That's as close as I can get to thanking God for the death of my best friend.
For those of you who are confused, I read a blog written by Angie Smith (if you listen to Christian music, you may recognize her as the wife of one the Christian band, Selah's, members Todd Smith) called Bring the Rain. As a writer myself, when I read the words Angie has written, I continuously sit in awe and wish I could express myself as eloquently as she does. Considering the fact that I have never met Angie, I surprise myself with each new blog she writes at how I feel as though I know her. She has a way of making you feel normal when you think you're not, of making you realize that you're not the only one going through some rough times, of making you trust in the Lord when you used to question him.
"Getting to know" Angie has made me strive for several things over the past few months: A closer relationship with God. A personal relationship with God. The ability to trust that God has plans that I may not understand. But today, she made me strive for forgiveness. Forgiveness from God for not trusting him after Phil died. Forgiveness for straying. Forgiveness for being so angry that he took my best friend away from me without any warning. Forgiveness for not thanking him every chance I get for the things he has given me and the time I did have with Phil.

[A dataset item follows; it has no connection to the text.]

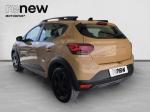 dacia-sandero-2025-gpl-999cc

As much as I am missing him today--and every day--I want to thank God for taking Phil away. I'm not ready yet to thank him for that in earnest. But I want to thank him for that. And hopefully someday I will be ready to say those words and mean them. Please go read Angie's post today ...I promise you, you will not be disappointed. And you might just be able to thank God for the one thing you never thought you'd be able to.
Happy Thanksgiving everyone...I love you!